Harrison Birtwistle: Five distances for five instruments (1993)

Filed under: Uncategorized — shostyscholar @ 2:17 pm

Birtwistle is not usually the easiest composer to encounter, but this piece, I think, pretty much speaks for itself. Let me know what you think below.

August 19, 2014

Adocentyn by Richard Barrett

Filed under: Uncategorized — shostyscholar @ 2:32 pm

What a fascinating piece! I love the juxtaposition of the bass flute and bass recorder; two similar timbres to be sure, but different enough to create both fascinating confluences and striking disparity. 

This is my first piece by this composer – hope you enjoy as much as I did. 

June 12, 2014

The Cantata Project

Filed under: Uncategorized — shostyscholar @ 1:17 pm

The Cantata Project

Over at Medium, my friend Danny and I are embarked on a project to listen to and write about every Bach cantata. This should be a pretty interesting journey–hope to see you there.

August 29, 2013

The Surprisingly Goy Music of Babi Yar

Filed under: Uncategorized — Tags: — shostyscholar @ 10:12 pm

For a lot of pieces the story of how I came to know them is lost in the muck of memory – no idea when I first heard Shostakovich’s 5th Symphony, for example. The 13th Symphony came to my attention very specifically however. My junior high band director, aware of a burgeoning fascination with the music of Shostakovich, brought a vinyl copy of the 13th to the school and lent it to me. I don’t remember the performers and I’m pretty sure I didn’t realize what the subject matter was, but I was spellbound by the music and returned to it years later. You were fairly creepy and more than a little smelly, but thanks for that, Mr. Bufkin.

If you listen to the Babi Yar movement of the 13th with the subject matter in mind, one thing might strike you as odd – despite the thoroughly Jewish subject matter, there is no overtly “Jewish” music. Shostakovich had used a Jewish idiom – in the song cycle “From Jewish Folk Poetry” and the 2nd piano trio, as well as in the 8th String Quartet, tellingly dedicated to “the victims of fascism and war” – but there’s no such idiom to be found in this, his only major work dealing explicitly with Jewish suffering. The absence of any “Jewishness” in the music certainly raises some eyebrows, and to me represents perhaps the greatest question of the work – even a musicological problem to solve. I don’t have the answer – and anyone who tells you they do in musical matters such as this is selling snake oil – but I do have a few thoughts as to why Shostakovich avoided a Jewish idiom in Babi Yar. There are at least two, not necessarily mutually exclusive, forces potentially at work.

The first was purely practical – a Jewish musical idiom would have emphasized the Holocaust as a crime against Jewish people. This isn’t alarming to our ears but – due to the unofficial anti-semitism in the Soviet bureaucracy and the tenets of Marxism-Leninism which did not recognize peoples, only classes – the Soviet authorities did not allow talk about the Holocaust as anything but a crime perpetrated against Soviet citizens. Shostakovich no doubt anticipated some controversy (as indeed the poem had sparked – and a Shostakovich symphony had a lot more eyes on it than a young upstart’s poem!), and avoiding “Jewish” music may have served to do lip service to the official Soviet internationalist interpretation of the Holocaust.

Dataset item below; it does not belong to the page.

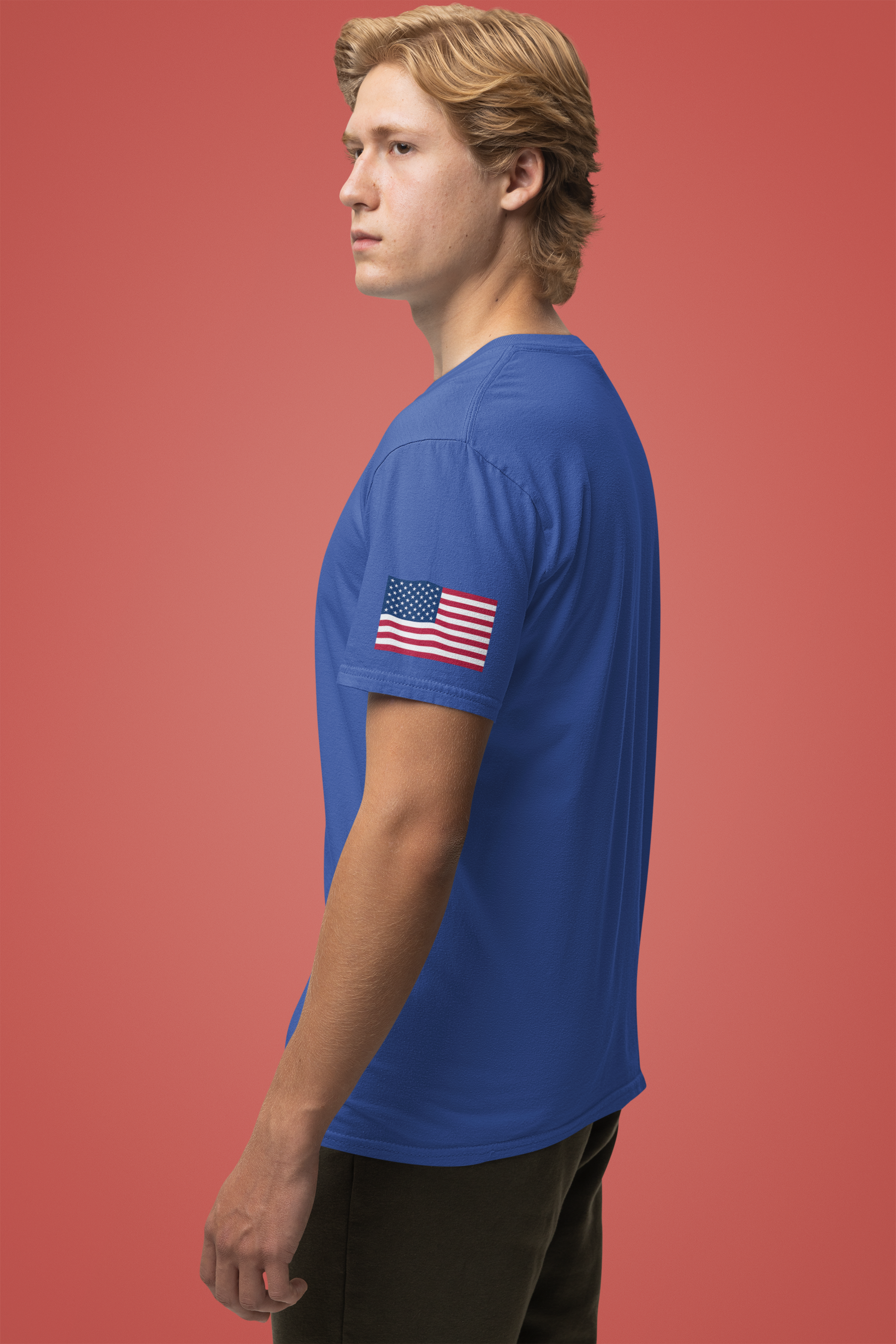 New York The Big Apple T-Shirt - NYC Skyline USA Flag Design Est 1624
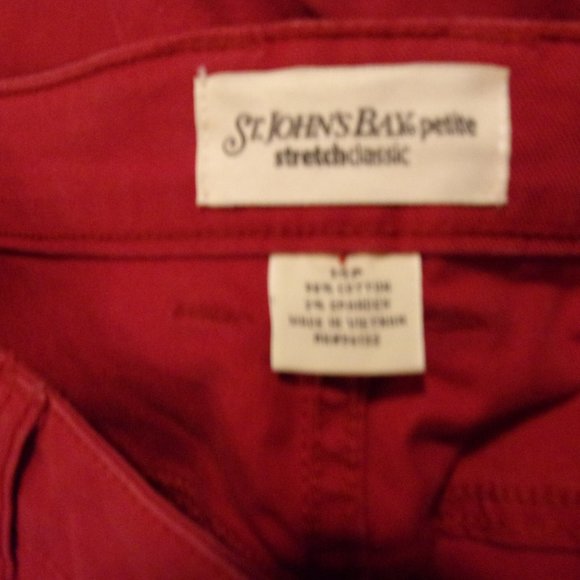 St. John's Bay Rust Red Jeans NWOT Size Petite 14 - Picture 2 of 2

Indeed, a more generalized and less specifically Jewish musical underscoring to the poem may have served Shostakovich’s designs anyway, as I think he was interested in tying the fate and trials of the Jewish people to that of the Soviet citizenry. Certainly the other movements of the symphony (“Humor”, “In the Store”, “Fears”, and “Career”) are heavily concerned with the suffering of Shostakovich’s compatriots. The consistent musical idiom metaphorically ties the suffering of two very different people together. The poem’s narrator declares at the beginning that “it seems to me that I am a Jew” and Shostakovich’s musical choice serves to highlight that this a Soviet man who emphasizes so strongly with the Jews.  

August 3, 2013

Shostakovich Symphony no. 13 – Babi Yar

Filed under: Uncategorized — Tags: — shostyscholar @ 11:00 pm

I hate being asked who my favorite composer is. Or what my favorite work is. To me these are questions that can have no answer.  How could I prefer the architectural sublimity of The Art of Fugue to the brainmelting glory of the Hammerklavier sonata? Or prefer either of them to the sexiness of The Rite of Spring, for that matter? A question I may stand a chance answering however is what work I find the most interesting. Depending on what’s been on my mind lately, the answer to that question might be Shostakovich’s 13th Symphony – Babi Yar.  Full disclosure – I wrote my undergraduate thesis on this work and could literally talk about it for days. Just so you know what you’re getting into.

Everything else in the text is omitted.